O debate gerou especial reação na esquerda, que viu na proposta uma forma de tentar tolher os poderes do futuro presidente, em um momento que o ex-presidente Luís Inácio Lula da Silva (PT) lidera as pesquisas de intenção de voto para 2022. Arthur Lira, porém, defende que a mudança só valeria a partir da eleição seguinte, de 2026.

“Semipresidencialismo é outro golpe para tentar evitar que nós possamos ganhar as eleições. Não dá pra brincar de reforma política, isso é coisa que tem que ser discutida com muita seriedade”, acusou Lula em sua conta no Twitter na terça-feira (20/07).

Cientistas políticos ouvidos pela BBC News Brasil também se dividem sobre a proposta. Entenda a seguir o que é o semipresidencialismo e os argumentos a favor e contra sua adoção no país.

Qual é o modelo de semipresidencialismo proposto?

Não existe um sistema puro de semipresidencialismo, explica o cientista político Christian Lynch, professor do Instituto de Estudos Sociais e Políticos da Universidade do Estado do Rio de Janeiro.

Na verdade, diz ele, o regime varia em diferentes países, a depender da forma como é distribuído o poder entre presidente e primeiro-ministro e das regras para formação e funcionamento do governo.

Caso o Brasil adote o regime, Lynch defende que seja algo semelhante ao modelo francês, em que o presidente mantém um papel forte.

A proposta de emenda à Constituição (PEC), em debate ainda inicial no Congresso, foi formulada pelo deputado Samuel Moreira (PSDB-SP). Ela prevê que o presidente eleito indique uma pessoa para o cargo de primeiro-ministro, que precisa de aprovação da maioria absoluta do Congresso. O escolhido deverá ser “preferencialmente” um parlamentar.

O primeiro-ministro, por sua vez, aponta quem serão os ministros do governo e, junto com essa equipe, é o responsável pela gestão da máquina pública.

Ainda segundo a proposta de Moreira, o presidente mantém a função de Chefe de Estado, representando o país internacionalmente e sendo responsável por escolher o comando das Forças Armadas e por indicar alguns cargos, como os ministros do STF, que devem ser também aprovados no Senado (como já ocorre hoje).

Segundo a PEC, o mandato presidencial continua sendo de quatro anos, permitida apenas uma reeleição.

A proposta também estabelece que o primeiro-ministro pode ser trocado a partir do segundo ano do mandado presidencial e até seis meses antes da eleição seguinte, caso a maioria absoluta do Congresso aprove a mudança. O novo ocupante do cargo também deve ser indicado pelo presidente.

Proposta em discussão prevê que o presidente eleito indique uma pessoa para o cargo de primeiro-ministro – preferencialmente um parlamentar -, que precisa de aprovação da maioria absoluta do Congresso

Como forma de tentar evitar que essa troca ocorra com frequência, a PEC estabelece que o presidente pode dissolver a Câmara dos Deputados se o Parlamento rejeitar o indicado ou destituir o primeiro-ministro três vezes. Nesse caso, uma nova eleição para a Câmara seria convocada em 30 dias.
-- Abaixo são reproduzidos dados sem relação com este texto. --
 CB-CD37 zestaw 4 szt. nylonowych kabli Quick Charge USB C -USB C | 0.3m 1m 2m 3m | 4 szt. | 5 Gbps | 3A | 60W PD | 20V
A proposta acaba com o cargo do vice-presidente. Se o presidente da República sofrer impeachment, renunciar ou morrer, o presidente da Câmara assumiria o cargo até uma nova eleição presidencial, em 60 dias. O novo presidente teria um mandato de quatro anos.

Regime garante mais estabilidade?

As regras para novas eleições propostas pela PEC poderiam provocar um descasamento entre a escolha do presidente e dos membros do Congresso, algo que aumenta o risco de instabilidade no semipresidencialismo, ressalta a cientista política Lara Mesquita, pesquisadora da Fundação Getúlio Vargas (FGV).

“O simples fato de mudar o sistema não necessariamente garante governo mais estável”, alerta ela.

Segundo Mesquita, foram feitas reformas na França nas últimas décadas mudando a duração dos mandatos e datas das eleições para que a escolha do presidente e do Congresso coincidissem, com objetivo de aumentar as chances de que a maioria eleita no Parlamento tivesse sintonia com o mandatário escolhido nas urnas.

“Se a gente observar as experiências de governo dividido na França, quando se elege um presidente de um partido e a maioria legislativa de outro partido, e o primeiro-ministro pode ser até de oposição (ao presidente), foram governos de muitos conflitos”, ressalta.

“Assim, a França foi ajustando o seu sistema e mudando as datas das eleições e o processo eleitoral para diminuir a frequência de governos divididos porque eles entenderam que isso causaria uma nova crise política”, explica.

Na visão da pesquisadora, a crise política do Brasil hoje não está relacionada ao sistema de governo, mas “à falta de valores democráticos do presidente e outras autoridades”. Problema que, para ela, pode ser resolvido nas urnas em 2022, caso a população eleja um presidente comprometido com a democracia.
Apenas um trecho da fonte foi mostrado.